Janis Jaquith
janis@radioessays.com
426 words
BROTHER, COULD YOU SPARE A DIME?
I'm sitting at a table at Greenberry's, nursing a cup of coffee, a cup of coffee that cost me a dollar and thirty cents, as I wait for my son to have his hair cut next door.
When I paid for the coffee, I only had a dollar fourteen and had to borrow sixteen cents from my son.
I open up the house copy of the Washington Post, and on the second page there's this ad for Burberry trench coats.
These coats cost a small fortune, as everyone knows, but they are made well, and they're sturdy...plus all that other stuff that people say in order to justify an outrageous price.
I'd be delighted to own one.
In the ad, a lovely young woman is striding through some kind of pasture. I look closer at the ad and see that the lovely young woman in the seven-hundred-and-ninety-five dollar coat is holding something. It blends in very well with her coat and it's hard to make it out.

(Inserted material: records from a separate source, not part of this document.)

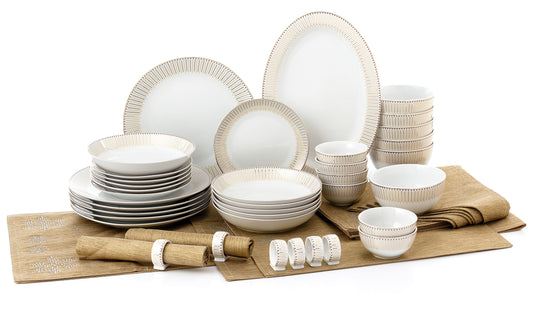 Gold Radiance Porcelain Dinnerware Set, 50 Pieces
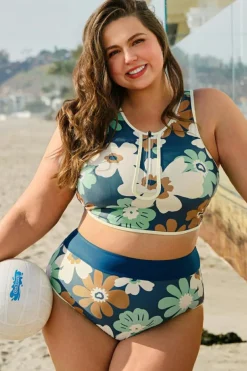 Outlet Dear-Lover Floral Printed Zipped Plus Size Two Pieces Bikini Green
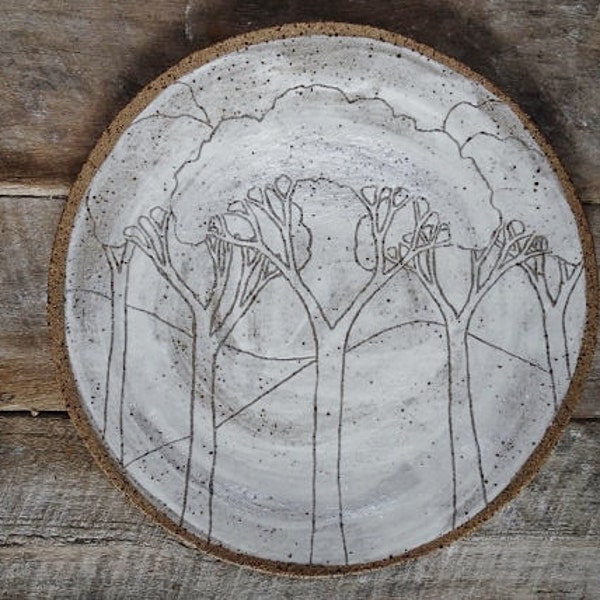 Ceramic tree plate  Rustic  plate Speckled plate  Engraved plate  Stoneware plate  Australian ceramics  Australian made  ceramics & pottery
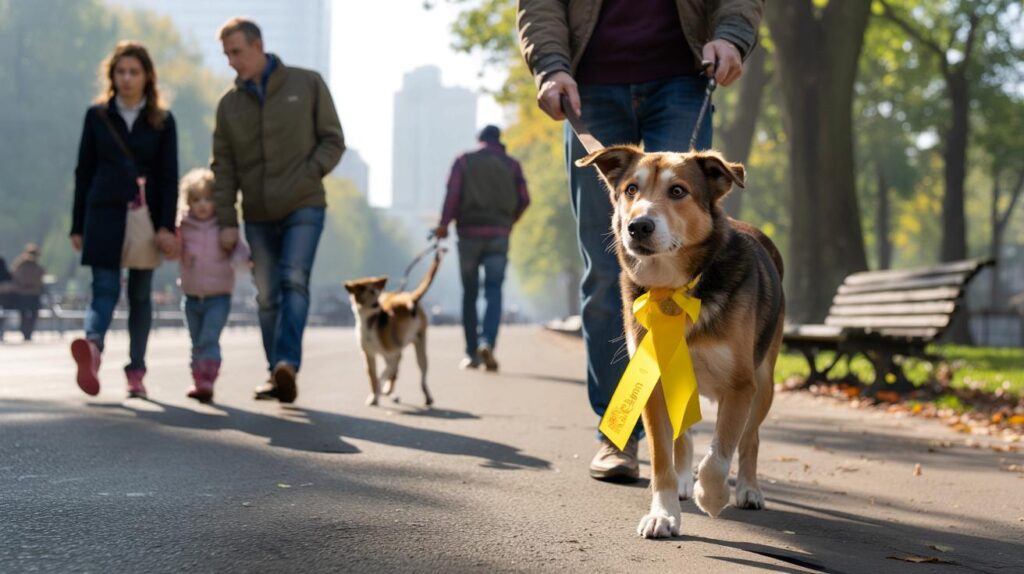 yellow ribbon on a dog’s lead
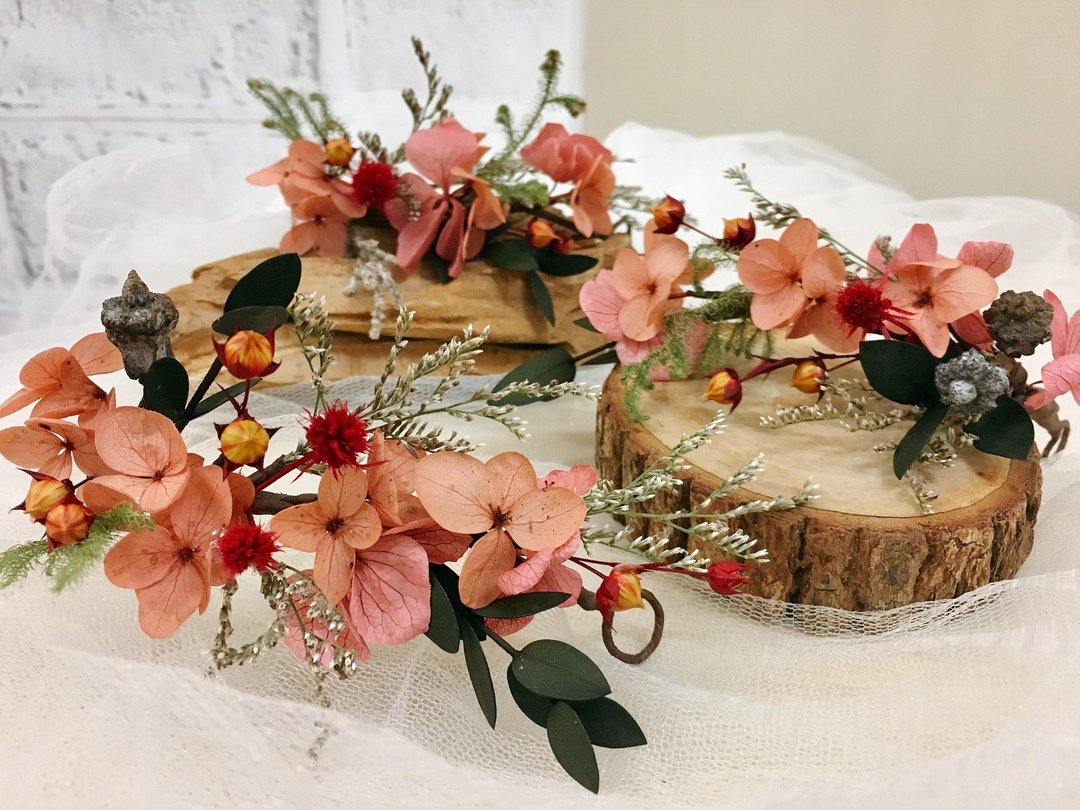 干燥花饰品【春禧囍】花饰 新秘饰品 干燥花发饰 新娘发饰 - 发饰 - 植物．花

There's a face -- it's a dog! A dog wearing a trench coat. A teeny-tiny doggie trench coat.
And the doggie trench coat costs two-hundred and forty-bucks.
You should see the look on this dog's face. It is mortified. It's not a poodle -- poodles can handle that sort of thing, they're used to having mentally-unbalanced owners who put ribbons on their ear hair (how would they like that?) and clip them to make their hips look all poofy and fluffy.
No, this is a regular old dog. I kind of hope that right after this picture was taken, the dog jumped down and rolled around in cow poop. Do you suppose a Burberry raincoat is impervious to cow poop?
My son still isn't back from getting his hair cut, and my coffee's all gone. I hope the barber isn't putting little bows in his hair and making him all poofy.
I'm feeling like a bum, hogging a table when I've finished my coffee. I check my wallet again, hoping that I've overlooked some folding money that may have slid down out of sight. But there's nothing.
I pick up the paper again and decide that I would like to meet the person who would pony up two-hundred-and-forty bucks for a trench coat for his dog.
In fact, I'd like to meet him right now. Maybe he'd buy me a cup of coffee.